Items from a dataset
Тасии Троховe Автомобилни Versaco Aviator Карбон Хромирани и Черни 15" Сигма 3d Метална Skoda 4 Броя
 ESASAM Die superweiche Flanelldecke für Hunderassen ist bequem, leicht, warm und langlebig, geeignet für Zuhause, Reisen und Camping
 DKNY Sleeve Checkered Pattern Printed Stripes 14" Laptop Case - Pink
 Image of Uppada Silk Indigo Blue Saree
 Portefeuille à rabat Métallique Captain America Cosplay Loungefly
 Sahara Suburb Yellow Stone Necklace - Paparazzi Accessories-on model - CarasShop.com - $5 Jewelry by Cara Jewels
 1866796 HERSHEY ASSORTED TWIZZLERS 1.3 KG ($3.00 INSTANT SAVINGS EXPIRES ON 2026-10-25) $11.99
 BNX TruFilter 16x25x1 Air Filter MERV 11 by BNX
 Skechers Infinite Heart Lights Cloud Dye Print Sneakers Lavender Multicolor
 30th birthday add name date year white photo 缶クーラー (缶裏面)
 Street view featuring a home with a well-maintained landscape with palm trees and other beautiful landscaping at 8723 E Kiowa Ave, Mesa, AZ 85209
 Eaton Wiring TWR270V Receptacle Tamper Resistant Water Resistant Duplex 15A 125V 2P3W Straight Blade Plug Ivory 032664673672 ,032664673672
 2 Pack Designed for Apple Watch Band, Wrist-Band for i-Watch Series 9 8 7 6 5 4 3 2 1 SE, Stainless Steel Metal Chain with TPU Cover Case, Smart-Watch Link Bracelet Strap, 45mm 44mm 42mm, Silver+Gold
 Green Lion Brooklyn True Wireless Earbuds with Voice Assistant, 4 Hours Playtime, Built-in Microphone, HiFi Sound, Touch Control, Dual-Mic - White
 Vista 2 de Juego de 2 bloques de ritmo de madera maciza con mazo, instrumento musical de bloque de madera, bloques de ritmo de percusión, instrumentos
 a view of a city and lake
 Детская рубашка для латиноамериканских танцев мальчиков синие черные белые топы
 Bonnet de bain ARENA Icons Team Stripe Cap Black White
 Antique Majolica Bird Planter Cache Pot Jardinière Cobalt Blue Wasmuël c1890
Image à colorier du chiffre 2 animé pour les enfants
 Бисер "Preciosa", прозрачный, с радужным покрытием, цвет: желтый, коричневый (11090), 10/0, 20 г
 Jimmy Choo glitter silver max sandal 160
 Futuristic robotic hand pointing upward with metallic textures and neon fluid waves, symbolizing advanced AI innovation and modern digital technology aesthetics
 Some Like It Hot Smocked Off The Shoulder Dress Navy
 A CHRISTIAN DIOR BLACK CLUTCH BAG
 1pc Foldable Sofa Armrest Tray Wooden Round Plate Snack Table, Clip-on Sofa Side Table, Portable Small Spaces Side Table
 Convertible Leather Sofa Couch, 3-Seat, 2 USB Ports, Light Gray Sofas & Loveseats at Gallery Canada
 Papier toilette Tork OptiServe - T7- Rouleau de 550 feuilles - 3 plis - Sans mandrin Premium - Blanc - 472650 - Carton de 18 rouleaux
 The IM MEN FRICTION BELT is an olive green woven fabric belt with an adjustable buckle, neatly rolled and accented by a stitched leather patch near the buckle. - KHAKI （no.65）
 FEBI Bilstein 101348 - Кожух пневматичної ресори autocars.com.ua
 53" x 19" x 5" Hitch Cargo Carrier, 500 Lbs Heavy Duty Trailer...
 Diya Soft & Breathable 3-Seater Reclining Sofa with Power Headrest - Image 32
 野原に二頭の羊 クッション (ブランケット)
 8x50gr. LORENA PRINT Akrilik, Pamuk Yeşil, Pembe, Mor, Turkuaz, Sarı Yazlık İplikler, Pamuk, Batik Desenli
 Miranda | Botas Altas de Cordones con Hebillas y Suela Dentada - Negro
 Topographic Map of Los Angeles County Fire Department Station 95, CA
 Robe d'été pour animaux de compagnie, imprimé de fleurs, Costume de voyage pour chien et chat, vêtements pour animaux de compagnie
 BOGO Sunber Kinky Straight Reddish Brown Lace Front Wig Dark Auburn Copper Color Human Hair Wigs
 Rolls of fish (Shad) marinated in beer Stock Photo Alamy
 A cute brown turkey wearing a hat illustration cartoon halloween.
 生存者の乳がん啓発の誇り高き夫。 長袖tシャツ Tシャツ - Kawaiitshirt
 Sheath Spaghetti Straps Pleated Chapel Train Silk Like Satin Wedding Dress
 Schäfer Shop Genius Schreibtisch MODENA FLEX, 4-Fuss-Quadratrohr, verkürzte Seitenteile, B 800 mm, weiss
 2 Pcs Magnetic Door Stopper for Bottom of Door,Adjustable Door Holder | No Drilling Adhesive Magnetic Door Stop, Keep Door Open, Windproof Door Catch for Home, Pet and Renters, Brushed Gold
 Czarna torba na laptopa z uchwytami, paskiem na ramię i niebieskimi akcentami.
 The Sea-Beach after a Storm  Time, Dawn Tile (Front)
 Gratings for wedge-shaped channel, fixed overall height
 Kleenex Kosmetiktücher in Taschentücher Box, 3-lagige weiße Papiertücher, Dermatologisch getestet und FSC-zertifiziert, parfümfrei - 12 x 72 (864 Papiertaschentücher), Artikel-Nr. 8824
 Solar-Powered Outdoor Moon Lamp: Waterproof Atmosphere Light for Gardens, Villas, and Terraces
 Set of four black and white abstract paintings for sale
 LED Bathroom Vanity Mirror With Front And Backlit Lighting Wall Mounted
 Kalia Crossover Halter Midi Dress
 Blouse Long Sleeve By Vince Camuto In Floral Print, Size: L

## Exercise objective
The line containing "LED Bathroom Vanity" and all lines after it, through the last line of the data, should be retyped exactly.

## Answer box
 LED Bathroom Vanity Mirror With Front And Backlit Lighting Wall Mounted
 Kalia Crossover Halter Midi Dress
 Blouse Long Sleeve By Vince Camuto In Floral Print, Size: L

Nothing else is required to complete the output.